A report by the Social Mobility and Child Poverty Commission, chaired by former health secretary Alan Milburn, branded the draft strategy for the next three years a "missed opportunity" and insisted it fell far short of what is needed to prevent the numbers rising.

Mr Milburn said it was a "farce" and "particularly lamentable" that ministers had been unable to agree on how to measure poverty after rubbishing existing measures.

"The Government's approach falls far short of what is needed to reduce, yet alone end child poverty in our country," added the ex-Labour MP.

"Our new research shows that the gap between the objective of making child poverty history and the reality is becoming ever wider."

He also called on politicians from all parties to work together to combat the issue, adding: "Willing the ends without the means today merely becomes a broken promise tomorrow.

"Across the political spectrum, party leaders now need to come clean about what they plan to do to hit the targets, or what progress they can deliver if they expect to fall short."

In its report, the commission concluded there were some positive things in the strategy, including the extension of childcare support for low-income families and a greater acknowledgement of the problem of working poverty than before.

But it criticised a lack of any clear measures to assess progress and the absence of a detailed plan covering what needs to happen to jobs, wages and benefits to ensure poverty goes down.

It also identified limited action to get other parts of society, such as employers, engaged in tackling poverty and a lack of new action on in-work poverty as fundamental problems.

In addition it accused the Government of ignoring the impact of welfare cuts and of continuing to distance itself from statutory measures in the Child Poverty Act 2010, which senior ministers describe as "discredited", without suggesting any alternatives.

The findings were published as new research carried out on behalf of the commission by Landman Economics revealed the 2020 child poverty targets will be missed by a large margin.

It estimated that even overly optimistic assumptions about parental employment rates and earnings would still leave more than three million children - 21% - in absolute poverty by 2020 - almost five times the number needed to meet the Government's legal obligation to end it.

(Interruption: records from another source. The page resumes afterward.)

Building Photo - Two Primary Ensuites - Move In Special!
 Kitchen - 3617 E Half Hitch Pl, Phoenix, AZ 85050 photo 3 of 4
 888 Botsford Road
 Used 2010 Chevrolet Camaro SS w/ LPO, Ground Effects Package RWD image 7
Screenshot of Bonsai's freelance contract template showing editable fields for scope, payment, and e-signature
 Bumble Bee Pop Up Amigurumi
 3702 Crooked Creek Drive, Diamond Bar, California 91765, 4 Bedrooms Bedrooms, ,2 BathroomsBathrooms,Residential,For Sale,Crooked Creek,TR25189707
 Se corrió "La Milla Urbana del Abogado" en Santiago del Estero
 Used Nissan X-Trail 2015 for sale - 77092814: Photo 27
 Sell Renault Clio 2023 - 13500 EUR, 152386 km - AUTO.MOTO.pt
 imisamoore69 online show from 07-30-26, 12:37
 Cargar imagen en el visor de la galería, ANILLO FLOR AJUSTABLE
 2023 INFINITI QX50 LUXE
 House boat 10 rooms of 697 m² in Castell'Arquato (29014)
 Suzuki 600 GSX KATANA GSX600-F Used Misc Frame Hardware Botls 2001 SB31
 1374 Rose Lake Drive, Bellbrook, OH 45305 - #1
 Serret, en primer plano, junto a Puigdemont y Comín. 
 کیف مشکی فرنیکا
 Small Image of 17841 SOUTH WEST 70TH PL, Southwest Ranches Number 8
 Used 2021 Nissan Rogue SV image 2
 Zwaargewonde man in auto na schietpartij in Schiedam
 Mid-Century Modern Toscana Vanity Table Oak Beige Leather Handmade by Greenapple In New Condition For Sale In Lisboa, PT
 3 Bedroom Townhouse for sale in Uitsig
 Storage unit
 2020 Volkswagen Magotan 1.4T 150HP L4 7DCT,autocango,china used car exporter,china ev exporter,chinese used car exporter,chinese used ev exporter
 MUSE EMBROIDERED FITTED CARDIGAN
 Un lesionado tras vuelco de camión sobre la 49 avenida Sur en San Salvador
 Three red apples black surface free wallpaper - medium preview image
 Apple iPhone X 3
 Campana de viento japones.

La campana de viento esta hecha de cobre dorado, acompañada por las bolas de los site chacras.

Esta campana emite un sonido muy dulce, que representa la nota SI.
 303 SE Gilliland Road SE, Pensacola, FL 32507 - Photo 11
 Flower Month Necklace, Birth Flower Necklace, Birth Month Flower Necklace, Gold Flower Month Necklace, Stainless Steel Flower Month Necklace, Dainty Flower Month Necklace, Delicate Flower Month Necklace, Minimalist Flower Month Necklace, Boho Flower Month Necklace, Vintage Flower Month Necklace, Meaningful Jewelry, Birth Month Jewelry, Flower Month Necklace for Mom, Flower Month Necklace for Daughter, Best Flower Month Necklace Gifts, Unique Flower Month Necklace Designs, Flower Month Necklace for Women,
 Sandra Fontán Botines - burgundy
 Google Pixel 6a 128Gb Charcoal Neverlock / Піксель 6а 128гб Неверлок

To achieve the targets within the current council tax and benefits system, it said, would require "implausible" parental employment rates of close to 100%, combined with big increases in working hours of families in working poverty over and above the requirements of Universal Credit.

A spokesman for the Department of Work and Pensions said: " "We remain committed to our goal of ending child poverty by 2020. Our strategy outlines plans to tackle the root causes of poverty, including worklessness, low earnings and educational failure.

"This approach is a better reflection of the reality of child poverty in the UK today and is the only way to achieve lasting change.

"Under this Government there are 300,000 fewer children living in relative income poverty and 100,000 fewer children in workless poor families. We have just seen the largest rise in employment for over 40 years and unemployment is falling. But there is more to do - and we are getting on with that job.?

"The commission's own research highlights the weaknesses of the current child poverty measures - calculating poverty by income alone fails to address the issues which hold people back and that's what we're tackling."